Necrotising Periodontal disease Flashcards
What are the main features of necrotising periodontal disease?
Pain
Bleeding gums
Ulceration
Necrosis of inter-dental papilla - “punched out” appearance
What is the difference between necrotising: gingivitis, periodontitis and stomatitis?
Gingivitis - when only the gingival tissues are affected
Periodontitis - when necrosis progresses into the periodontal ligament and alveolar bone, leading to attachment loss.
Stomatitis - when necrosis progresses to deeper tissues beyond the mucogingival line, including lip or cheek mucosa, tongue etc.
What conditions are more likely to give rise to necrotising stomatitis?
Severely immunocompromised patients.
Mostly in malnutrition and HIV infections.
What is cancrum oris?
Necrotising and destructive infection of the mouth and face - not strictly a periodontal disease.
Mainly in malnourished children in developing countries.
Where are lesions first seen in necrotising, ulcerative gingivitis?

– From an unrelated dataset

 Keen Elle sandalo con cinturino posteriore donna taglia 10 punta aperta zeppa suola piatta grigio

Inter-proximally in mandibular anterior region
Why are ulcerations often associated with deep pockets?
Gingival necrosis coincides with a loss of crestal alveolar bone.

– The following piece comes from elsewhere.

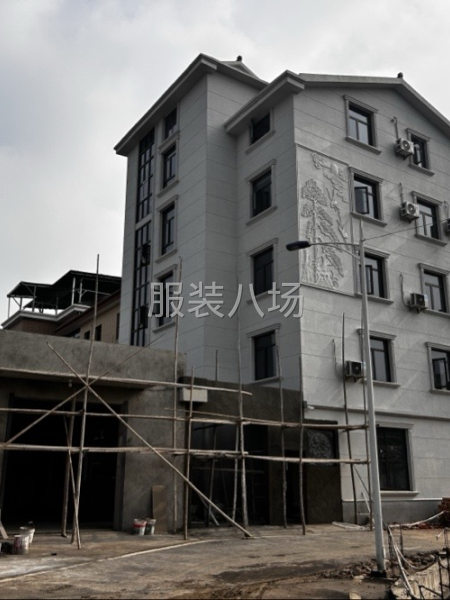 带电梯、停车场、消防十12间带卫浴厨房宿舍-第1张图片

What flora is constant in NPD?
Fusobacterium sp
Prevotella intermedia
What are risk factors for NPD in developed countries?
Psychological stress
Sleep deprivation
Poor OH
Smoking
Poor diet/ malnutrition
Immunosuppression (HIV infection and leukaemia)
What is the main risk factor for NPD in developing countries?
Malnourished children
What is the first stage of treatment of the acute phase?
Careful Superficial debridement daily, for as long as the acute phase lasts - usually 2-4 days.
Use chlorhexidine-based mouth-rinse twice daily, instead of mechanical OHI as this would be painful
What is the treatment for when patient does not respond to superficial debridement?
Metronidazole 400mg
What is treatment of the chronic condition (once the acute phase has been controlled)?
Professional prophylaxis
AND/ OR
scaling and root planing.
Also evaluate and control pre-disposing factors.
How can you treat resultant gingival craters from the disease?
Gingivectomy and/ or gingivoplasty procedures for superficial craters
Periodontal flap or regenerative surgery for deep craters
What are the stages of treatment of NPD?
OHI
Gentle PMPR over a series of appointments
Chlorhexidine mouth-rinse
Prescribe anti-biotics if risk of spreading infection or systemic involvement
What does the occurrence of NPD in systemically healthy individuals without any pre-disposing individuals suggest?
Suggests they have a HIV infection and should be screened for it.